▶ [YOUR INSTRUCTIONS]: In this exercise, print only the lines of the records below from the one with "Collage con foto della cantante Taylor Swift" through the one with "URBANIC Women Purple Cable Knit Crop Cardigan", inclusive. Pictures are not part of the copy.

▶ [Recorded data]:
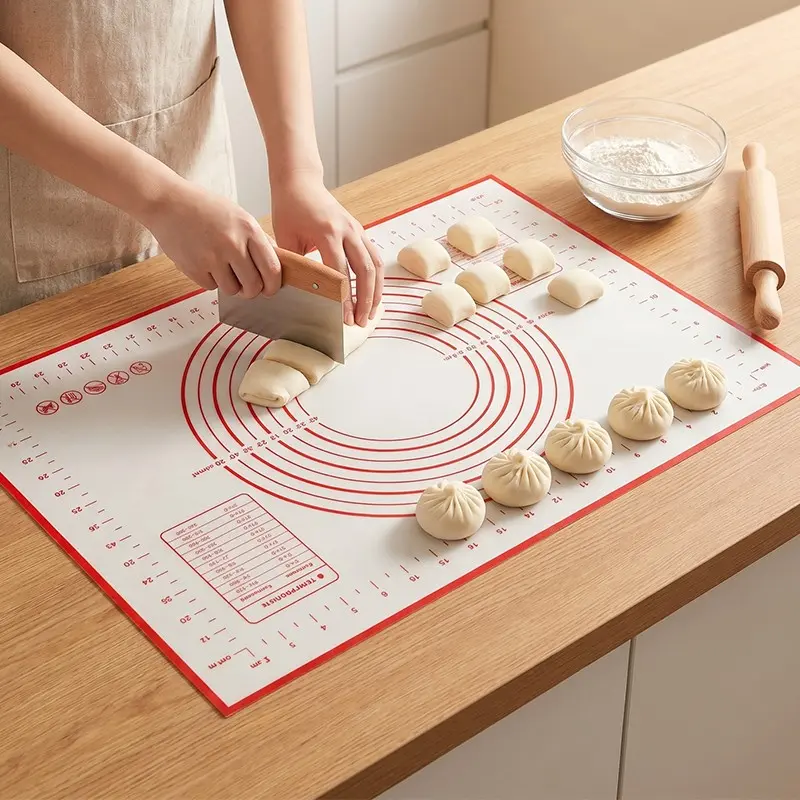 Non-Stick Silicone Dough Kneading Mat, Kitchen Pad, Non-Slip Surface, Ideal for Baking Pizza and Cake Dough, with Measurement Marks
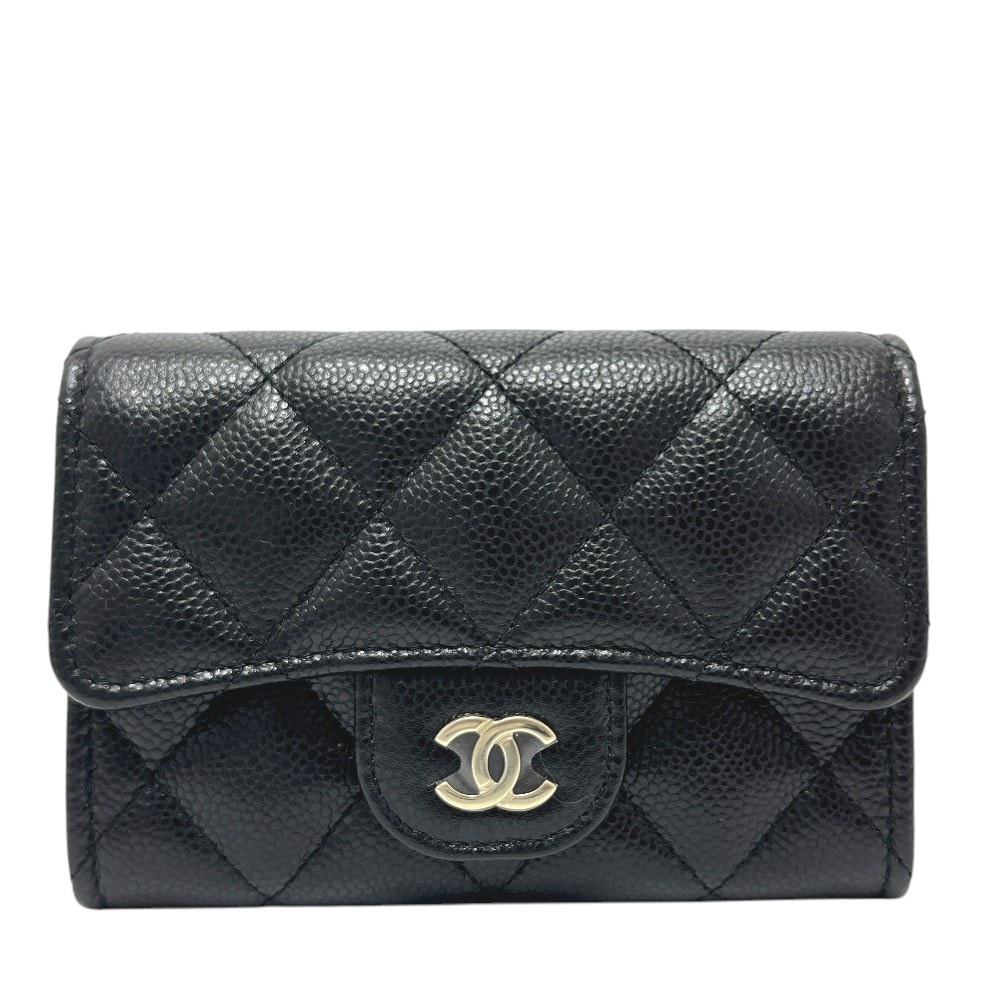シャネル CHANEL クラシックフラップカードケース AP4096 マトラッセ 財布 ウォレット コインケース キャビアスキン ブラック 未使用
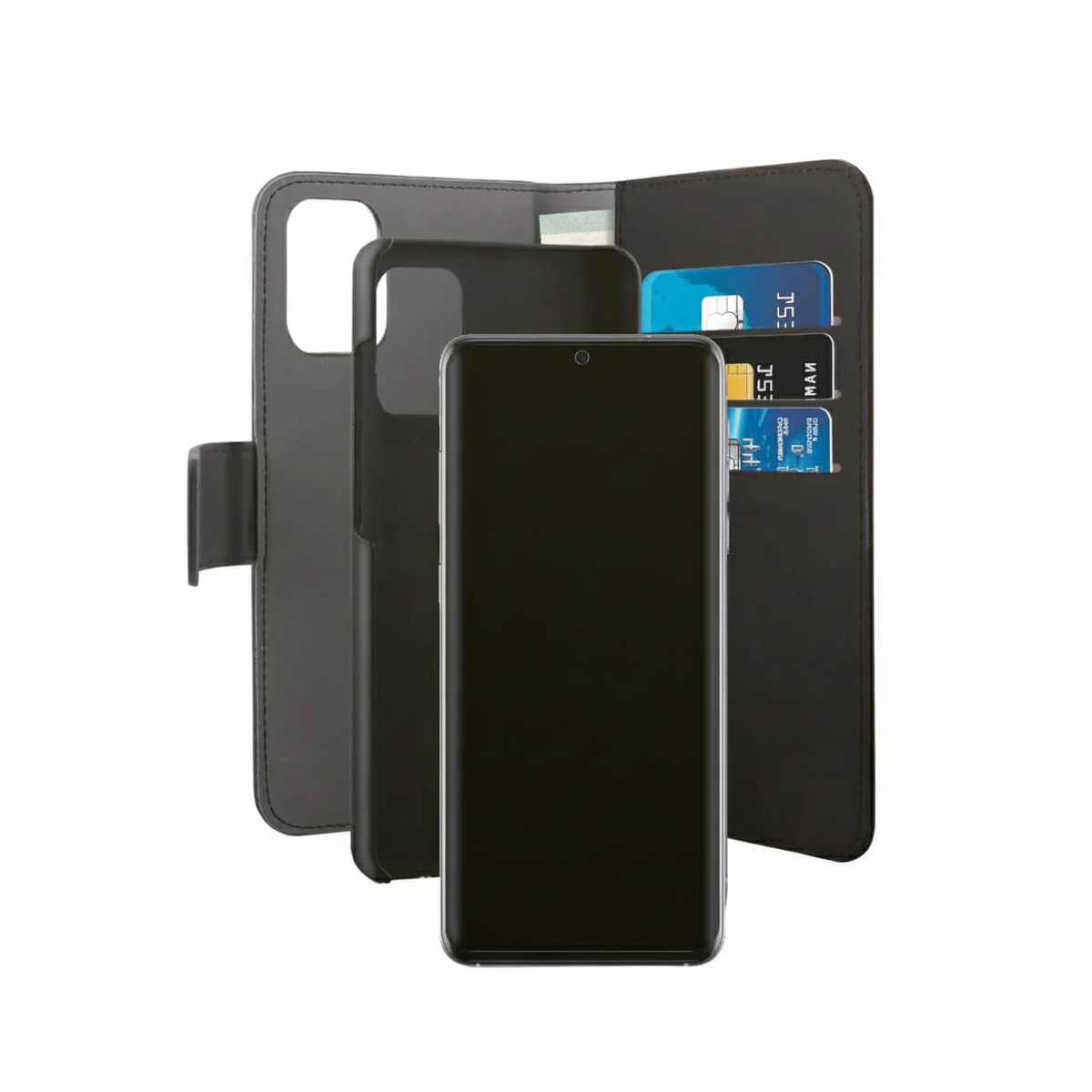 Custodia nera per telefono con slot per carte e telefono inserito.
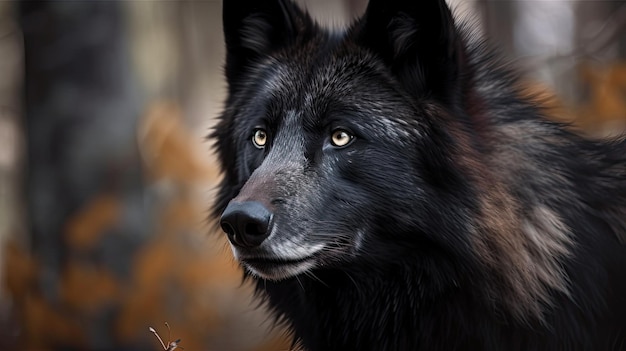 Um lobo preto com olhos azuis olha para a câmera.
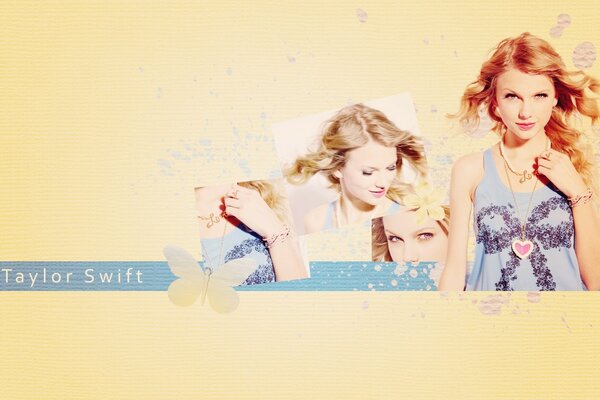 Collage con foto della cantante Taylor Swift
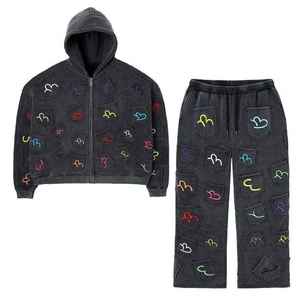 Lightweight Hooded Eco Friendly Casual Solid Custom Logo 100% Cotton High Quality Customizable <b>Embroidery</b> Tracksuit - Product Image 1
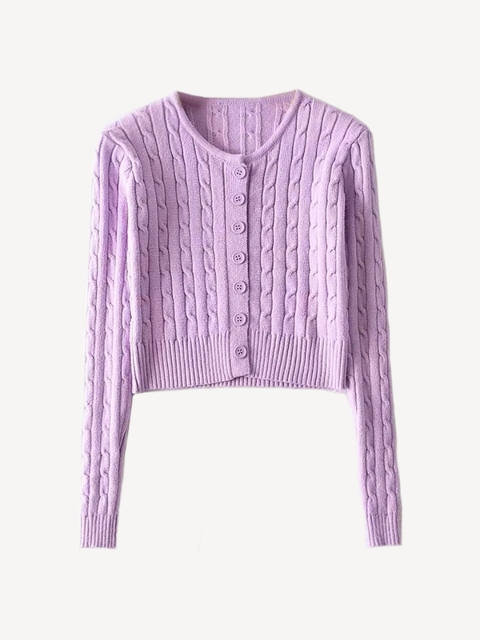 

URBANIC Women Purple Cable Knit Crop Cardigan
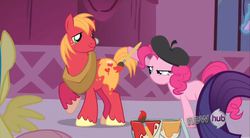 Size: 1177x649 | Tagged: safe, screencap, big macintosh, pinkie pie, earth pony, pony, g4, magic duel, female, male, mare, no mouth, painting, stallion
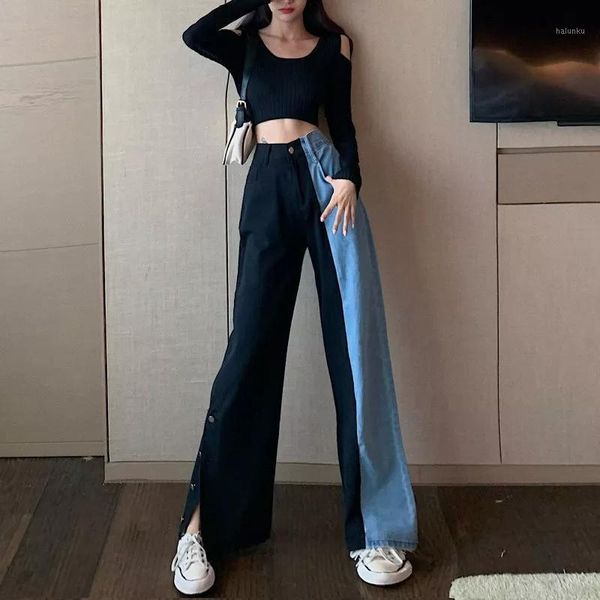 

men's jeans 2021 band women pants leisure loose high waist vintage wide leg split street wear simple full-length straight trousers1, Blue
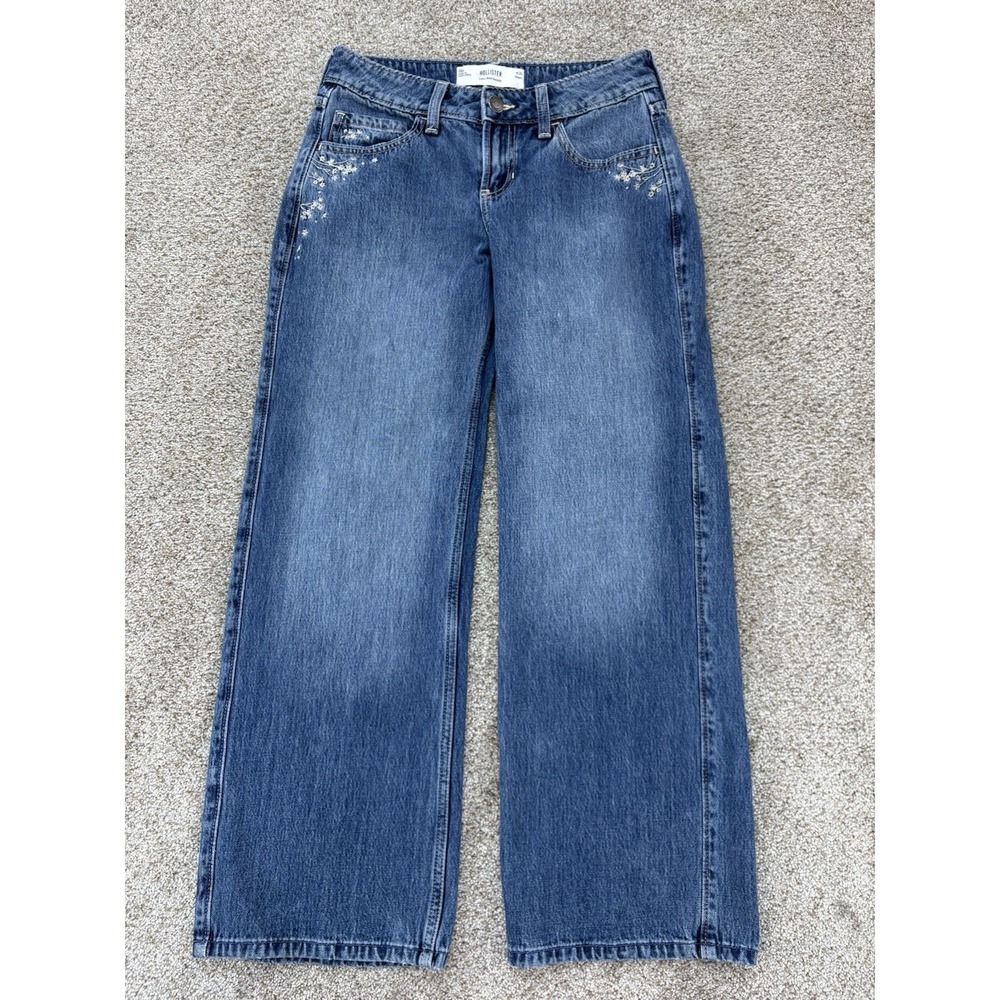 Hollister Low Rise Baggy Jeans Womens 24 Short Stone Wash Floral Embroidered Y2K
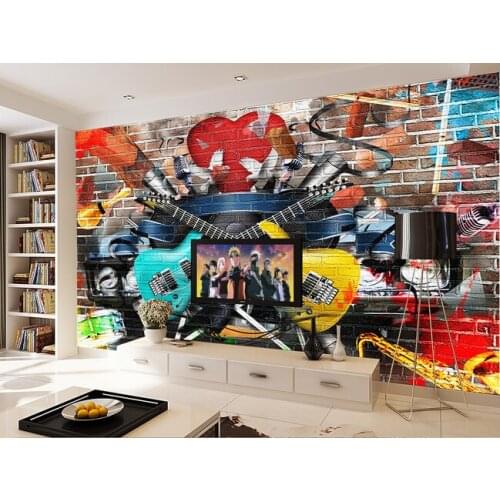 Custom papel DE parede 3 d,anime music graffiti murals for bar KTV background wall waterproof wallpaper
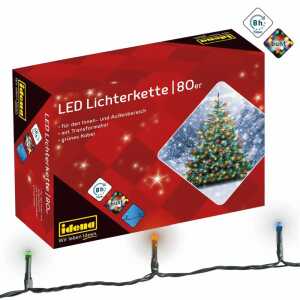 LED-Lichterkette 80er bunt,f.Außen u.Innen, 16m, Zuleitung 8m,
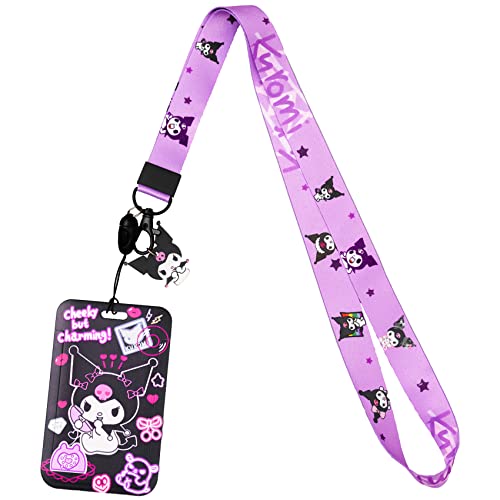 Cartoon Lanyard ID Holder Kawaii Cat Key Card Cute Badge Holder with Lanyards for Girls Women Gift (Purple)
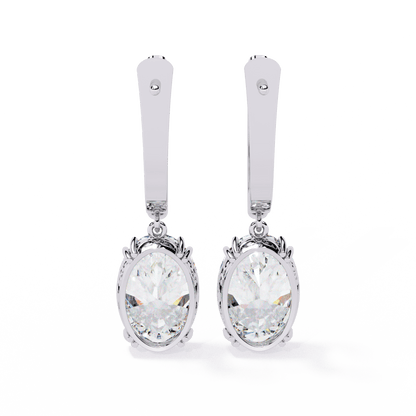 Jenna – Oval-Cut Diamond Vintage Drop Earrings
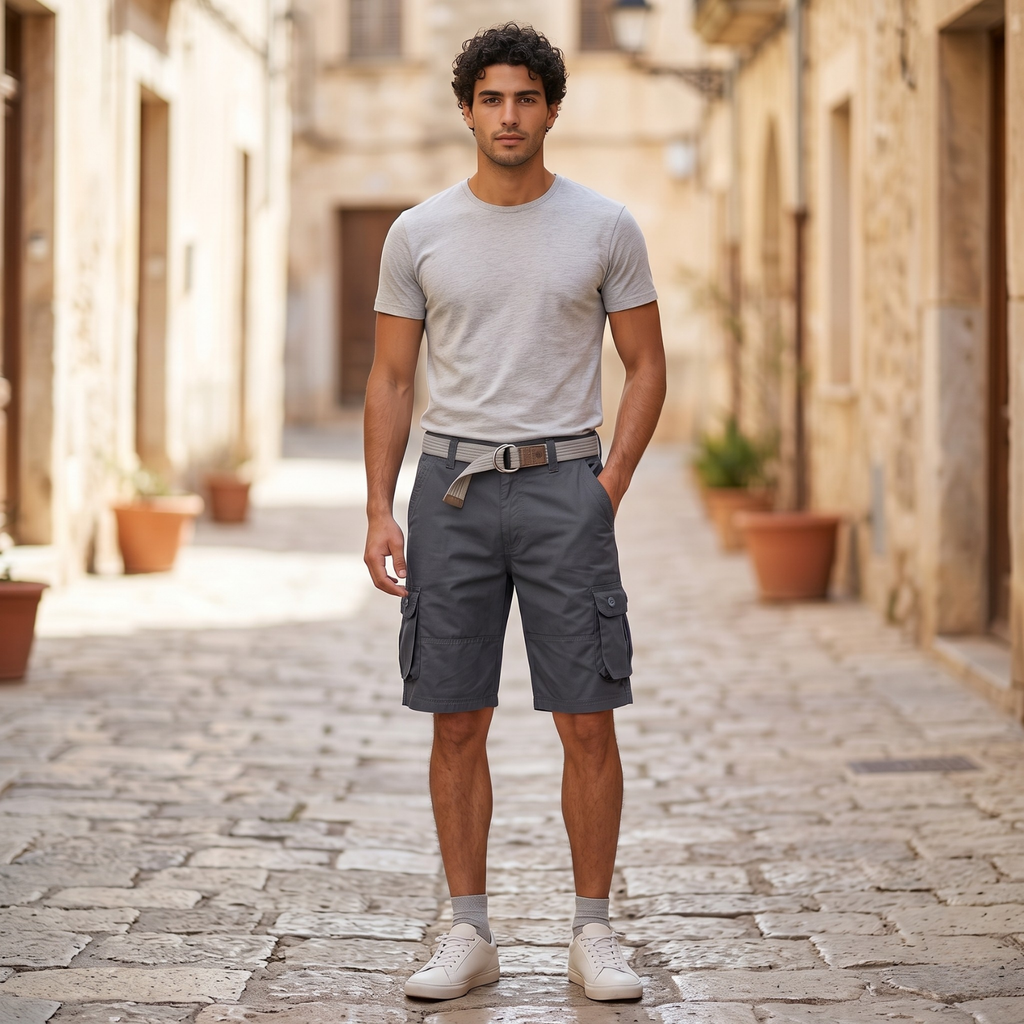 Versatile Men's Cargo Shorts with Multi-Pocket Design | 100% Cotton for Comfortable Outdoor Wear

▶ [RESPONSE AREA]:
 Collage con foto della cantante Taylor Swift
 Lightweight Hooded Eco Friendly Casual Solid Custom Logo 100% Cotton High Quality Customizable <b>Embroidery</b> Tracksuit - Product Image 1

URBANIC Women Purple Cable Knit Crop Cardigan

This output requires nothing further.